Мой личный военный трофей - [23]
В 1978 году, вместе с С. Фридлянд и С. Аптом (переведшим, кажется, все самые толстые книги немецкоязычных авторов), мы три недели находились в Гёттингене на международном семинаре переводчиков с немецкого (забавно, жили мы в гостинице на Judenstrasse). Оттуда я послала Гайслеру открытку в Гамбург — просто с приветом. Однажды воскресным утром мне позвонили из рецепции отеля, что ко мне приехали гости. Ого, аж пятеро, среди них одна девушка, — все молодые, под предводительством Гайслера. С трудом разместились на полу моего маленького номера. Я выложила весь наш общий с Фридлянд и Аптом запас привезенной копченой колбасы — мои гости были зверски голодны, и в разговоре выяснилось, что все они члены RAF (Rote-Armee-Fraktion), “Красноармейских бригад”. Гайслеру они внимали, как Пророку. От меня они ожидали участия и совета, что им делать, чтобы быть услышанными и понятыми в Советском Союзе.
— Нет, ребята, в этом вопросе я полностью разделяю позицию руководства моей страны, не признающую вас и не одобряющую методов ваших действий (напомню: речь идет о леворадикальной террористической организации, известной тогда как группа Баадера-Майнхоф).

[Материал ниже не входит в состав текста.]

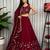 Maroon Embroidery and sequins and Aari mirror Silk Blend Lahenga Choli Set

Горячая, очень громкая дискуссия длилась несколько часов, мне было крайне не по себе в гостиничном номере, но и спровадить их я не могла. Гайслер предложил поехать “на природу” и там продолжить разговор. Честно говоря, я побаивалась, но, чтобы “не потерять лицо”, я не могла даже предупредить своих и сообщить им номер машины.

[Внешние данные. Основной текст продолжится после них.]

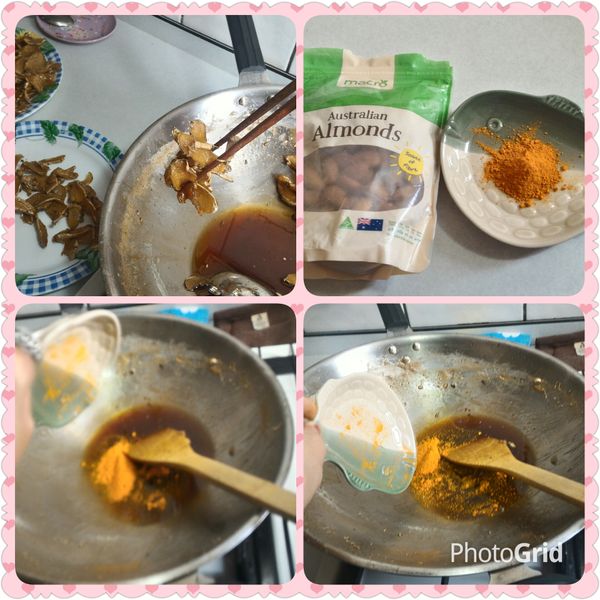 最後將老薑汁裝罐，留約一碗加一大匙薑黃粉炒杏仁豆......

Поскольку “вербовка” не удалась, Гайслер, огорченно заметив, что “в Праге ты была совсем другая, такая боевая”, попросил рассказать о войне, о блокаде Ленинграда — “они же ни о чем понятия не имеют”.
С каким облегчением я вернулась вечером в отель! Но когда в гостинице во Франкфурте-на-Майне, куда в завершение семинара нас повезли на книжную ярмарку, я обнаружила ожидавший меня толстый пакет с документами о деятельности RAF, манифестами, “отчетами” о проделанной работе, об их “героических деяниях”, — я думала только о том, как бы не засорилась в отеле канализация, куда я долго спускала разрываемую в мелкие клочья бумагу.

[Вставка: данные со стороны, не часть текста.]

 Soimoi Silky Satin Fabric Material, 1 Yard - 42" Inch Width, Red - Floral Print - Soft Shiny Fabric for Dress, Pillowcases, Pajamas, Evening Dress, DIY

Время от времени я еще получала, все с большими паузами, из различных мест приветы в виде книг, коротких писем, открыток. Последнюю — из Парижа, с картинкой, без текста, просто подписанную буквой С, что я расшифровала, как Christian.
Еще о пребывании в Гёттингене. Все участники семинара проживали в одном отеле, жили как студенческое сообщество, ели вместе, вместе в свободное время развлекались — весело и дружно. Пока однажды утром состоявшая из восьми участников группа польских переводчиков (кстати, самая большая) полностью от всех не отделилась: ночью стало известно, что Папой Римским избран поляк Карол Войтыла. Все мы внезапно оказались недостойным обществом для его соотечественников.
“Знамя”, Австрия
К концу восьмидесятых мне стало в “Вопросах литературы” совсем неуютно, хотя особых претензий к Урнову у меня и не было. Я все чаще стала подумывать о том, чтобы освободиться от редакционной суматошливости и спокойно, без дергания и спешки полностью сосредоточиться на своем “личном военном трофее”.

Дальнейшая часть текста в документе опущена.